**Task statement**
Exact repetition of a range: find the line containing "Tweed-Covered Boxes with" and the line containing "The image shows" in the material below, then repeat both and all lines between them, leaving pictures out.

**Dataset records**
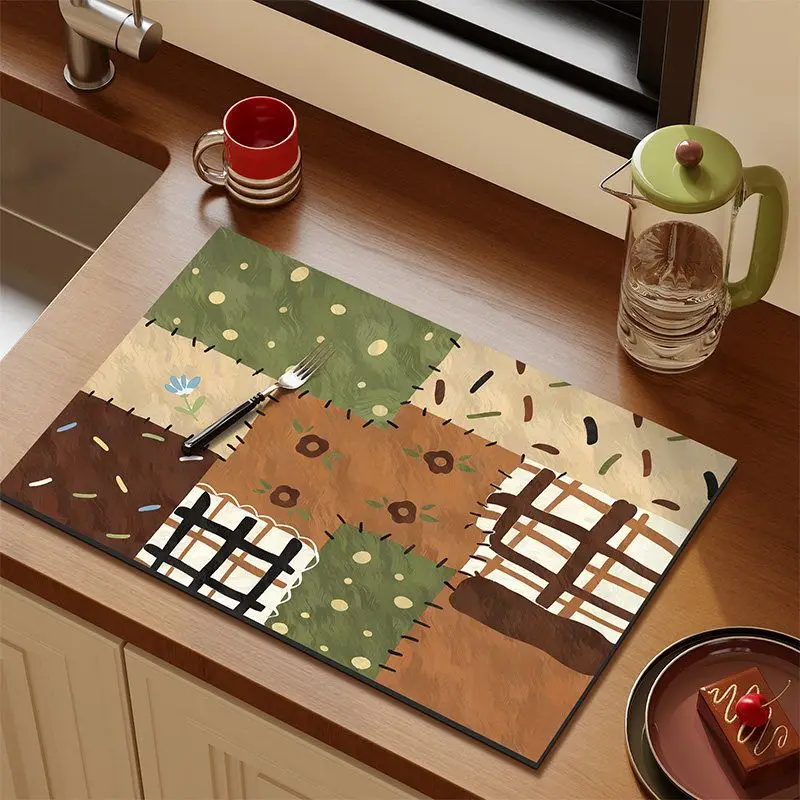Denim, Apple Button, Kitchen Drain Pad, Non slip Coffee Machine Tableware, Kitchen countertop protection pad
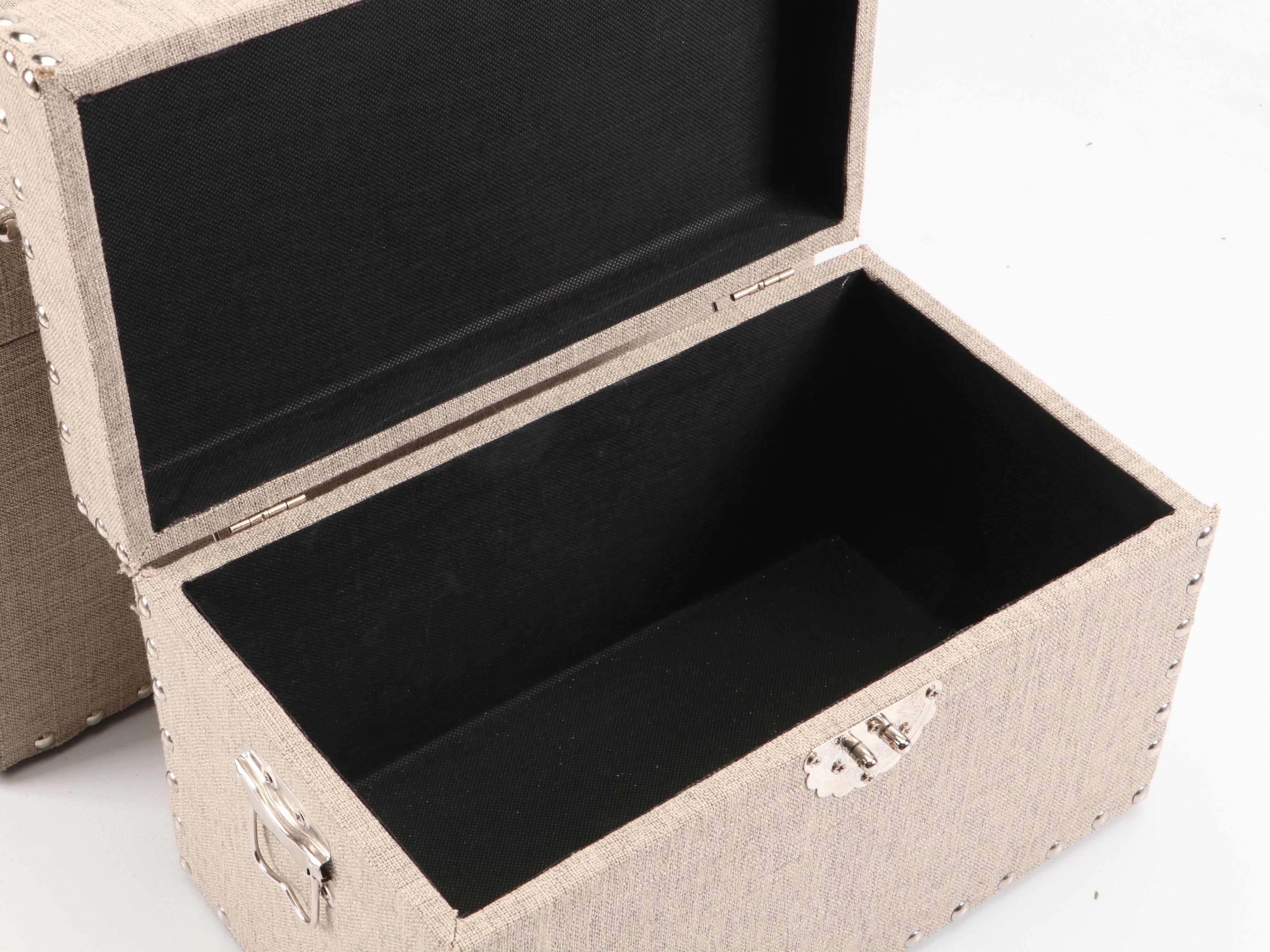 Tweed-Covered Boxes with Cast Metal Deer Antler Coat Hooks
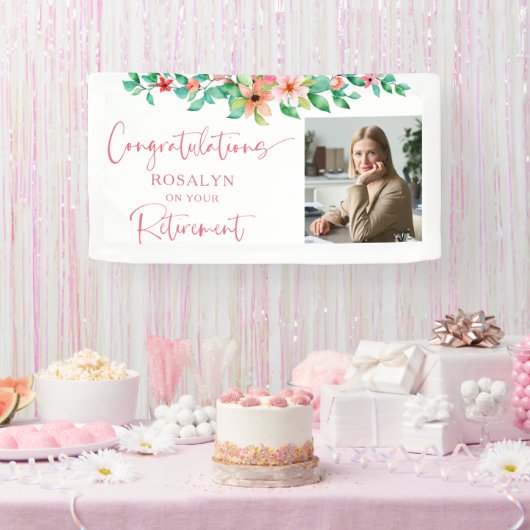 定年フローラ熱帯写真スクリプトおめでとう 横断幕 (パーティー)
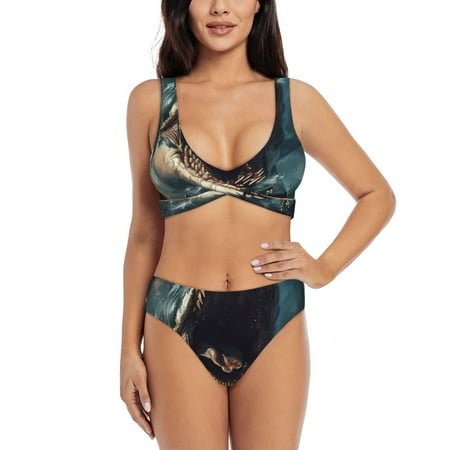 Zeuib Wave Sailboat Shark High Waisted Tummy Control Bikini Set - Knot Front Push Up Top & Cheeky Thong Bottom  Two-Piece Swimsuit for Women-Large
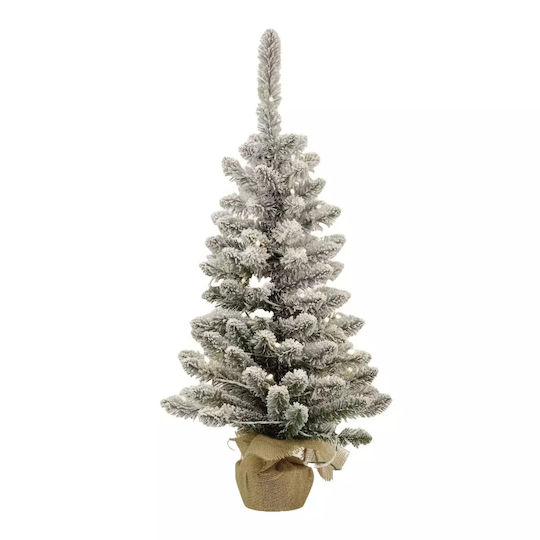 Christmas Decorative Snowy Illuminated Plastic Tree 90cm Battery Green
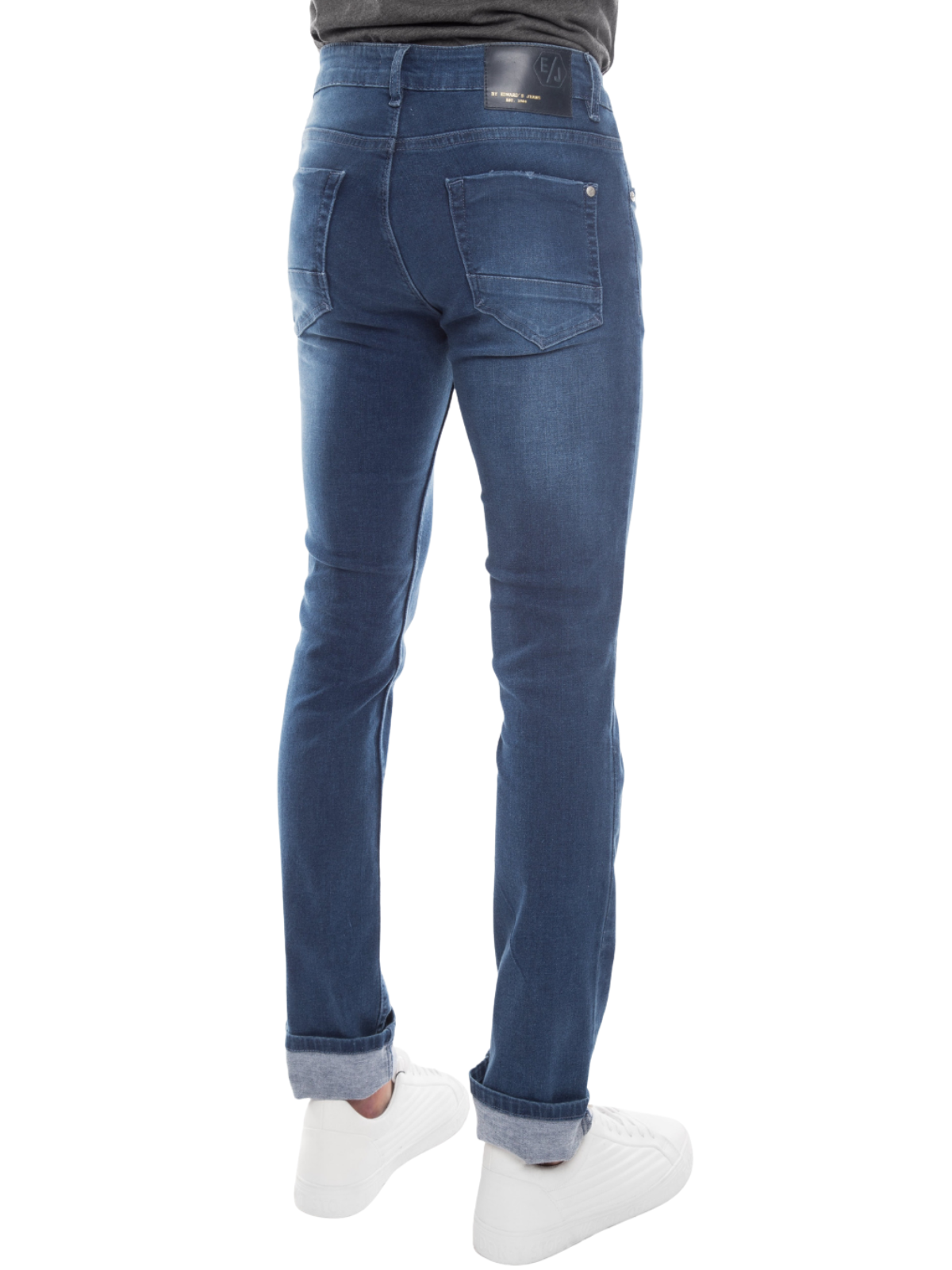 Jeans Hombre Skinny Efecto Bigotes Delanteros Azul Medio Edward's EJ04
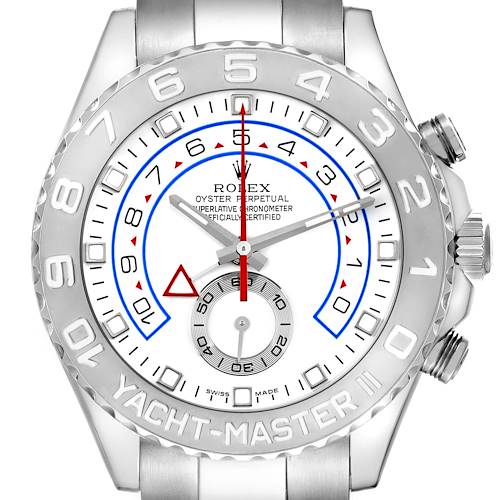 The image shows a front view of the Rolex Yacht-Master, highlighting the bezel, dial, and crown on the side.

...

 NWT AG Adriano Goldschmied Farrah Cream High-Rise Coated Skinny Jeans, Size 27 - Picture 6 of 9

**Expected output**
 Tweed-Covered Boxes with Cast Metal Deer Antler Coat Hooks
 定年フローラ熱帯写真スクリプトおめでとう 横断幕 (パーティー)
 Zeuib Wave Sailboat Shark High Waisted Tummy Control Bikini Set - Knot Front Push Up Top & Cheeky Thong Bottom  Two-Piece Swimsuit for Women-Large
 Christmas Decorative Snowy Illuminated Plastic Tree 90cm Battery Green
 Jeans Hombre Skinny Efecto Bigotes Delanteros Azul Medio Edward's EJ04
 The image shows a front view of the Rolex Yacht-Master, highlighting the bezel, dial, and crown on the side.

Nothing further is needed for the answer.